I am looking to purchase some new sand spikes. I currently have a few 48" alumnium ones, but I would like to have something longer. I saw an ad for some on this forum from Beachkarts that are 60" long and I am wondering if anyone has used them before. I would appreciate any suggestions.


----------



## cygnus-x1 (Oct 12, 2005)

You do not need to purchase anything fancy as long as you are able to transport something a little heavy. Go to any Lowes or Home Depot and go out to the garden area where they keep fencing. You will find green heavy duty fence posts with louvers cut in them to hold common wire fencing.
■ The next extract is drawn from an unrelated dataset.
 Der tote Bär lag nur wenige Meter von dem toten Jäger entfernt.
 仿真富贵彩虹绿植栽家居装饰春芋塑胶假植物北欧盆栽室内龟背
Near the bottom will be a small cross section of metal ( a flange like thing) I am not sure what they are for but I use them to drive the thing in the sand. I jump on the flange with both feet and the post will sink down into the sand. These range from 3-6 buckes depending on length (and yes they have 6 footers). Get some PCV of the right diameter and cut it to the right length for you and then you can take my cheap arse approach and just duct tape it to the pole ( a few layers will work) or you can bolt it on.
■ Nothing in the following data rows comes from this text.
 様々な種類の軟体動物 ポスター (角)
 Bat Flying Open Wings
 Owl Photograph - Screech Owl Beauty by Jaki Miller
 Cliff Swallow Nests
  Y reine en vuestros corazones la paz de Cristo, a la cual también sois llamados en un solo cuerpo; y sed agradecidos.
You can look at this pic to get an idea.


----------



## DORIGHT (Dec 1, 2006)

I've Seen This One On The Sand Before But Don't Know The Size...looks Fairly Long Though...bass Pro Off Sugar Loaf Has Some In Stock That Are Adjustable...i Have A Couple And They Have Done Me Well...


----------



## justinfisch01 (Feb 19, 2006)

Go to Home depot or Lowes and pick up a 9' section of 2in. PVC and cut it in half on an angle. There you go 2, 4 1/2 rod holders. Thats all I use. It will cost you about 5 bucks


----------



## Green Cart (May 14, 2002)

*Length*

PVC pipe comes in 10 foot length


----------



## surffshr (Dec 8, 2003)

cygnus-x1 said:


> You do not need to purchase anything fancy as long as you are able to transport something a little heavy. Go to any Lowes or Home Depot and go out to the garden area where they keep fencing. You will find green heavy duty fence posts with louvers cut in them to hold common wire fencing. Near the bottom will be a small cross section of metal ( a flange like thing) I am not sure what they are for but I use them to drive the thing in the sand. I jump on the flange with both feet and the post will sink down into the sand. These range from 3-6 buckes depending on length (and yes they have 6 footers). Get some PCV of the right diameter and cut it to the right length for you and then you can take my cheap arse approach and just duct tape it to the pole ( a few layers will work) or you can bolt it on.
> 
> You can look at this pic to get an idea.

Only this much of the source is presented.